Search code examples
pythonsqlsql-serversqlalchemyouter-apply

OUTER APPLY in SQLAlchemy


I want to write a SQL Server's outer apply query like the one below using SQLAlchemy.

The FX table may not have the corresponding row on the date in the price table, so I need to use to OUTER APPLY to get the last row in the FX table for each date.

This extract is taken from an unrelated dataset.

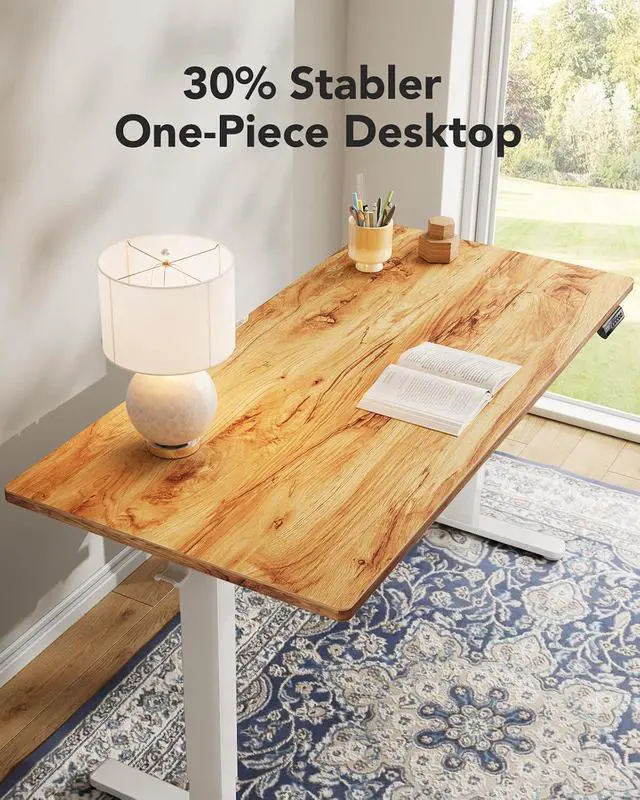 Alt view image 4 of 7 - Electric Standing Desk, Whole Piece Desktop, Adjustable Height Computer Desk, 4 Height Memory Settings, Sit Stand Up Desk for Home Office, 60" x 24", Light Vintage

SELECT p.EffectiveDate, p.Close_ * FX.Rate as USD_PRICE
FROM PRICE p
OUTER APPLY (
    SELECT TOP 1 *
    FROM FX
    WHERE 
        FromCurrency = p.Currency
        AND ToCurrency = 'USD'
        AND ExRateDate <= p.EffectiveDate
    ORDER BY ExRateDate DESC
) fx

Brief background on the tables:

  • The PRICE table is a timeseries which has the EffectiveDate, Currency and Close_ Column. EffectiveDate is the primary key.
  • The FX table has the FromCurrCode, ToCurrCode, ExRateDate and Rate columns. The primary key is (FromCurrCode, ToCurrCode, ExRateDate)
  • My use case is to join the PRICE and FX tables to get the USD price. However, for a given EffectiveDate in the PRICE table, there may not be row in FX table on that date. Therefore, the tables cannot be joinned directly with FX.ExRateDate = PRICE.EffectiveDate. To fix the problem, I need to use OUTER APPLY to find the last row in the FX table that the FX.ExRateDate is the closest to the PRICE.EffectiveDate

It seems that SQLAlchemy doesn't support outer apply expression. I took a look at Custom SQL Constructs and Compilation Extension. But I am not sure how to create a custom constructs of outer apply. Do you have an example of it?

I guess a workaround would be replacing the outer apply with outer join. If you can provide a query can produce the same result without using outer apply, that would solve my problem too.

Thanks


Solution

  • Using Correlated Subquery here is the solution using OUTER JOIN:

    sq = (
        session.query(FX.id.label("last_id"))
        .filter(FX.FromCurrency == Price.Currency)
        .filter(FX.ToCurrency == 'USD')
        .filter(FX.ExRateDate <= Price.EffectiveDate)
        .order_by(FX.ExRateDate.desc())
        .order_by(FX.id.desc())  # handle duplicates just in case
        .limit(1)
        .correlate(Price)
        .as_scalar()
    )
    
    q = session.query(
        Price.EffectiveDate,
        (Price.Close_ * FX.Rate).label("USD_PRICE"),
    ).outerjoin(FX, FX.id == sq)